Sospechosos fundamentalistas del campo evangélico han emprendido una nueva cruzada para matar al hereje. Dan muestra de aquel espíritu inquisitorial que tiñó de vergüenza y de sangre muchas páginas de la historia del Cristianismo. No torturan los cuerpos porque no pueden hacerlo. En cambio, martirizan las almas y condenan a diestra y siniestra a todos los que no comparten cien por cien sus creencias. Han arrebatado de las manos de Cristo las llaves del cielo, del infierno y de la muerte, y son ellos quienes abren y cierran a capricho. Abren el cielo a los miembros de su grupo y lo cierran al resto de la humanidad. Franquean la entrada del infierno a todo el universo humano y reservan los rincones celestiales para ellos y para sus seguidores.
Son los herederos anónimos pero potenciales de todas las tragedias que ha protagonizado un cristianismo humanizado: en ellos vive la violencia de las cruzadas y el refinamiento sádico de la inquisición; el despotismo de Enrique VIII y los ataques de ira de Martín Lutero; la intolerancia de Calvino y la maldad de Torquemada.
¡Dios nos libre de esta plaga amenazante y contaminante!
Se autodenominan defensores del Evangelio. Pero el Evangelio ¿nos ha sido dado para que lo defendamos o para que lo anunciemos? Se proclaman custodios de la sana doctrina y olvidan que la doctrina más sana es el amor a Dios y a los hombres, hechos a imagen y semejanza de Dios. Se dicen defensores de la fe, pero de un tipo de fe expresado en doctrinas propias y en conceptos particulares de la Biblia, no de la fe universal del Libro Sagrado.

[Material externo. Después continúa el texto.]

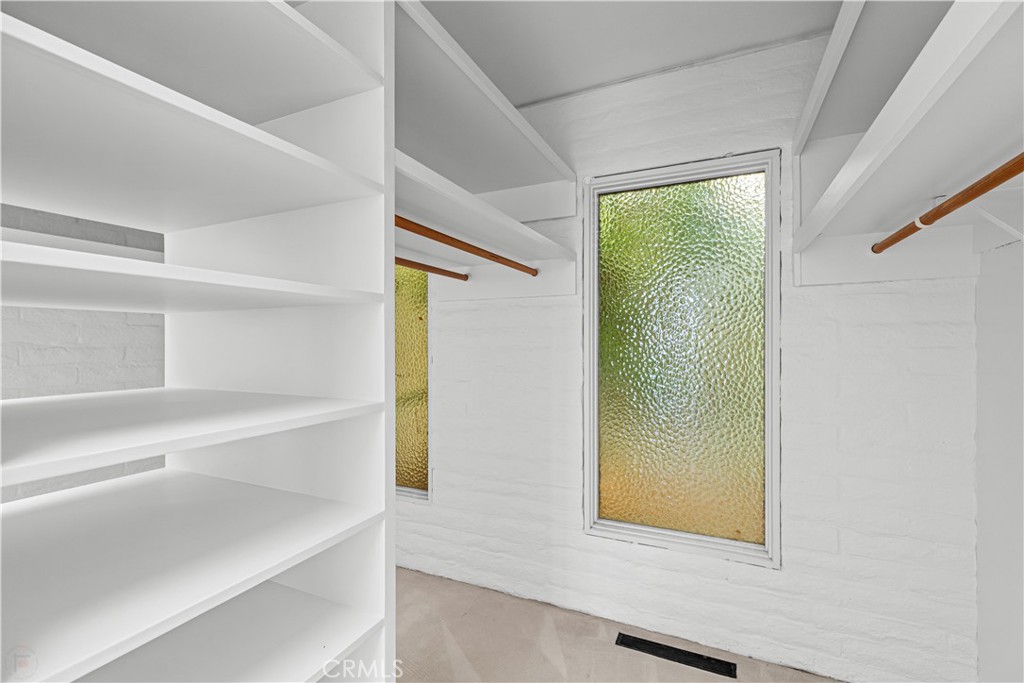 10497 Crystal Property Photo 58
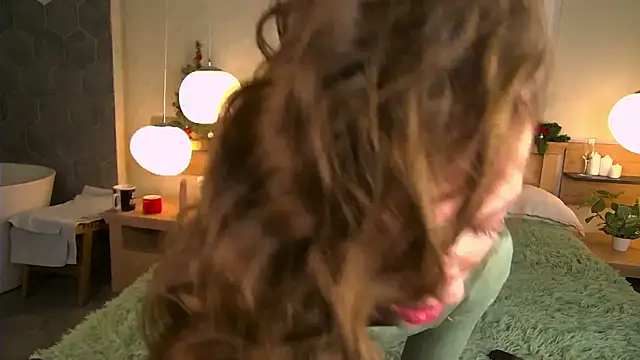 Snapshot of AshleyDouglas chatting on January 5, 2025, 7:49 am AshleyDouglas online show from January 5, 2025, 7:49 am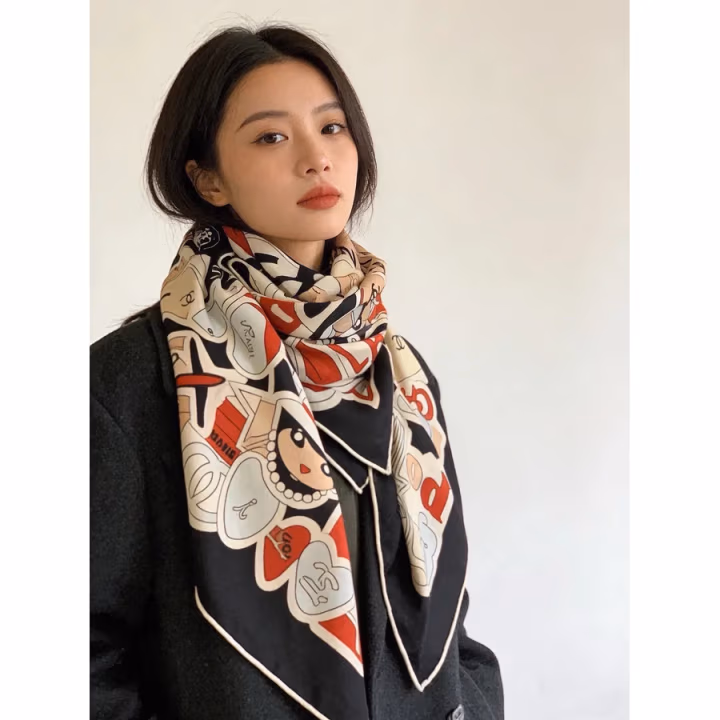 Chanel black silk scarf — ref 811686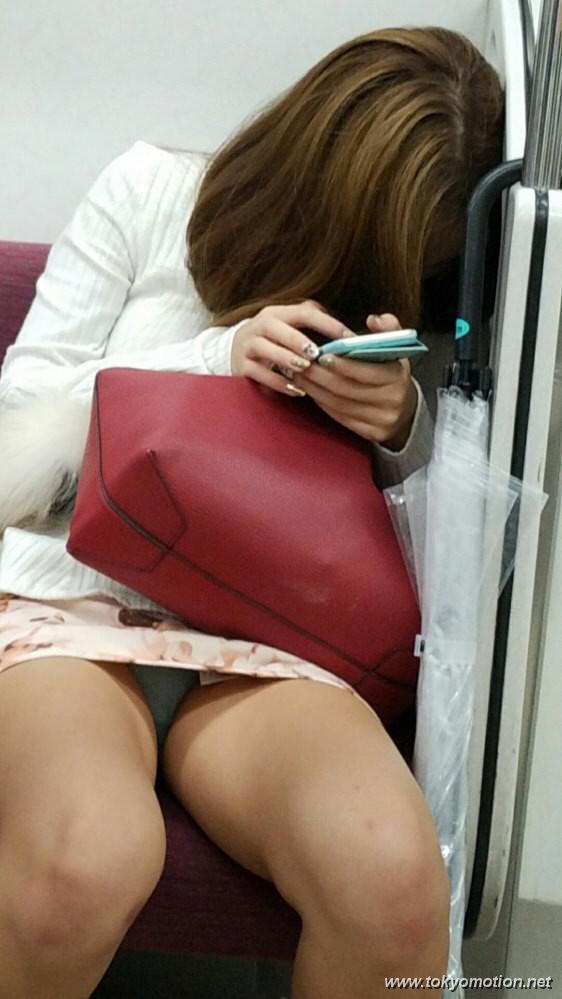 ガチ素人のパンチラエロ画像20230618111904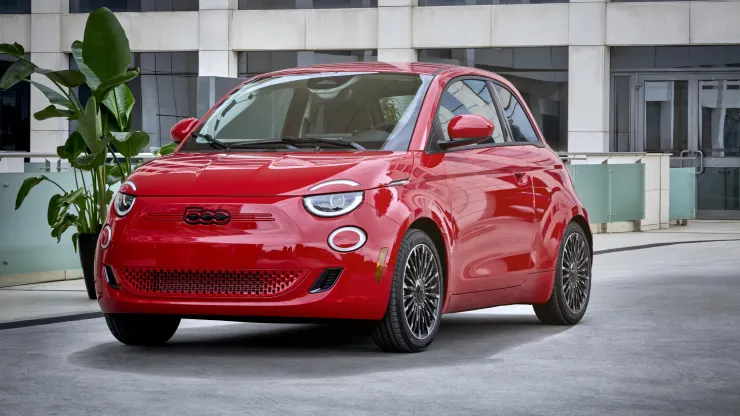 Stellantis to Release All-Electric Fiat 500e in the U.S. arketM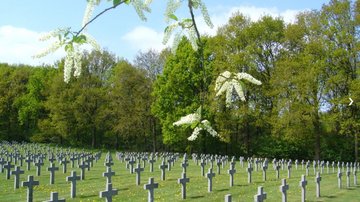 Kriegsgräberstätte Ysselsteyn/ Niederlande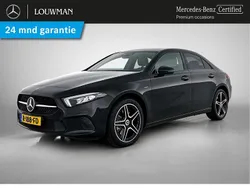Zwart Gebruikt 2021 Mercedes A250 Premium Plus Sedan | € 32.745 (Eerlijke prijs)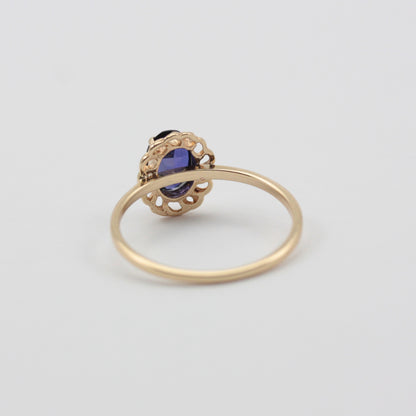 Dainty Vintage 9ct Gold Synthetic Blue Spinel Ring, c1970s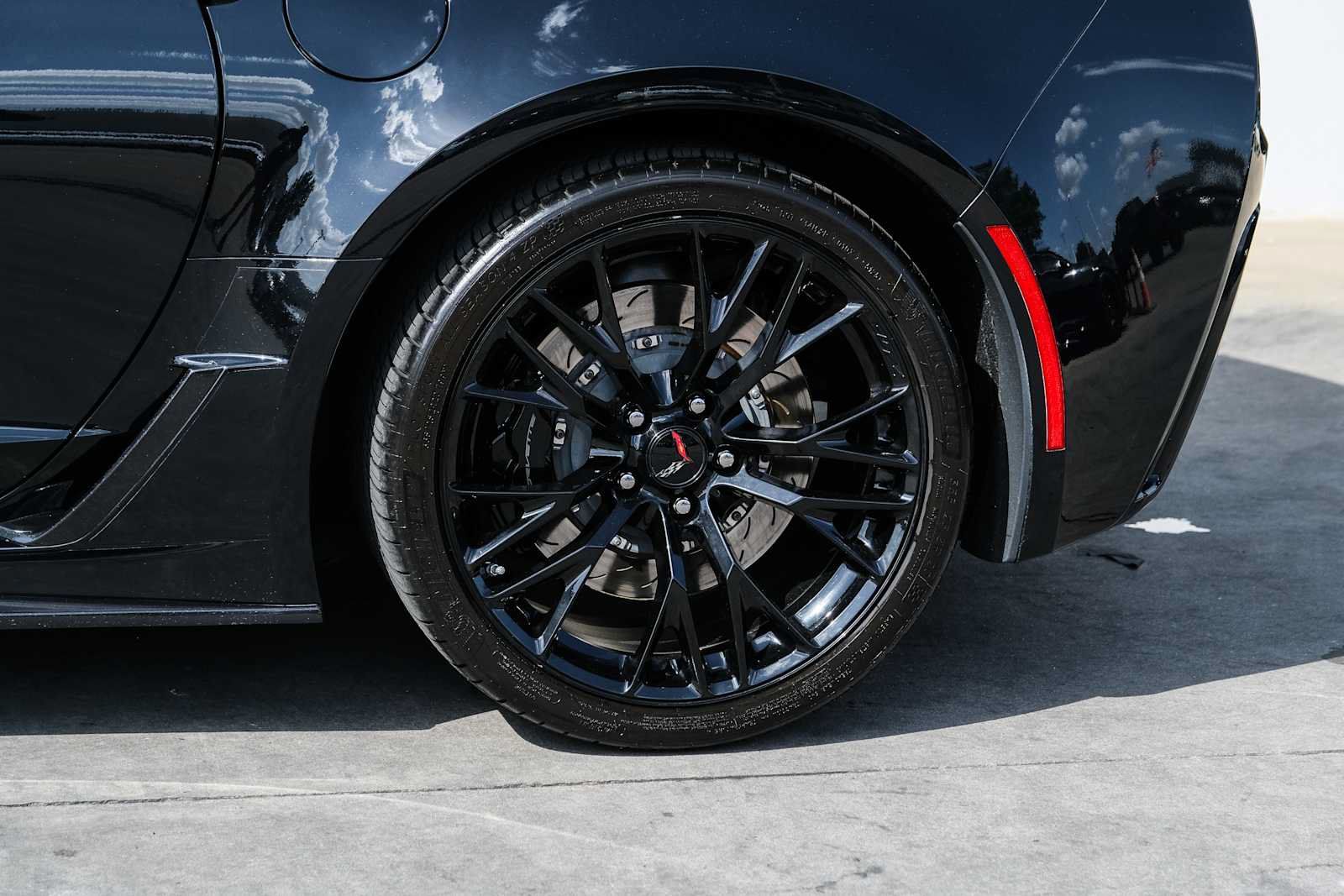 Used 2016 Chevrolet Corvette Z06 w/ 2LZ Preferred Equipment Group RWD image 20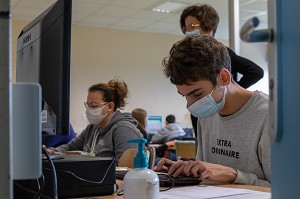 SALLE INFORMATIQUE, COLLEGE DE RUGLES, RUGLES, EURE, NORMANDIE, FRANCE 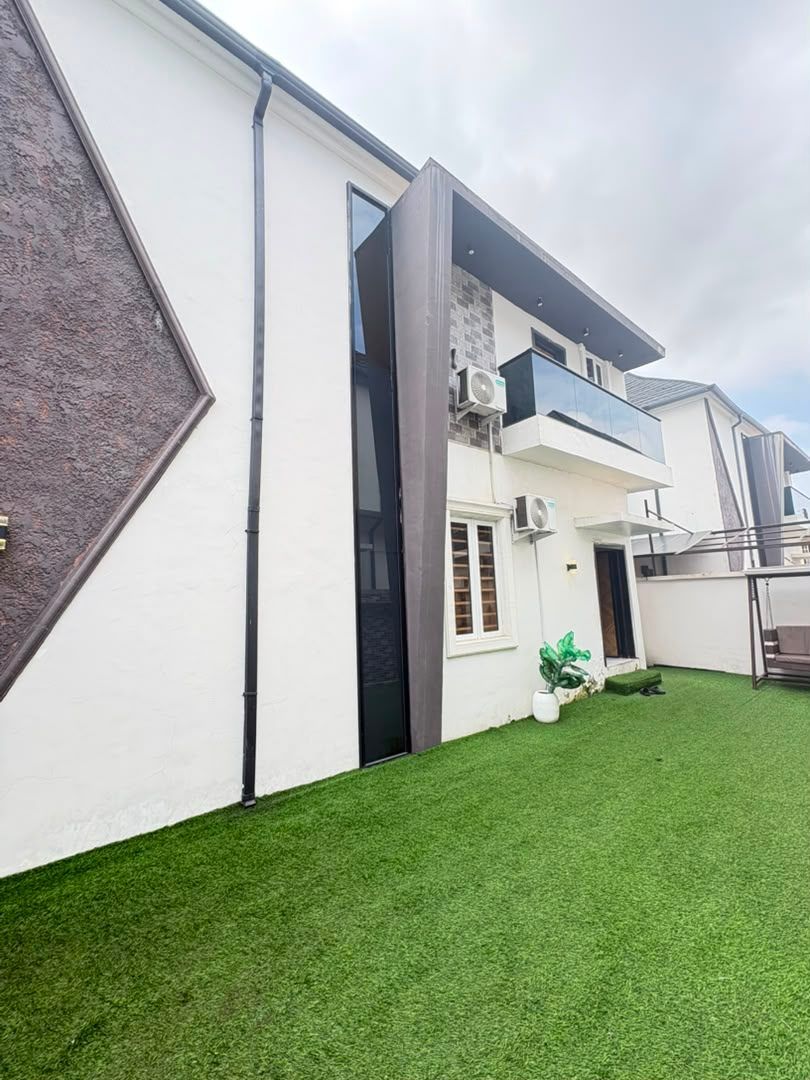 Well finished four bedroom fully detached duplex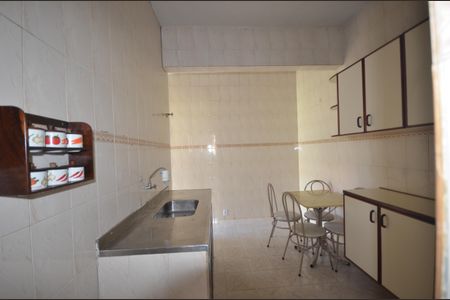 Casa para alugar com 80m², 2 quartos e 1 vagaCozinha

¿Qué hacemos con este espíritu sectario? ¿Lo denunciamos? ¿Lo silenciamos? ¿Lo combatimos? Si hiciéramos esto último, caeríamos en su misma trampa. Lo más sensato es vadear sus dominios para no pisar su misma tierra, apartarnos del camino por el que transitan y seguir nuestra senda llenando los pulmones de aire fresco con la mirada extendida hacia el firmamento, donde todo es diferente.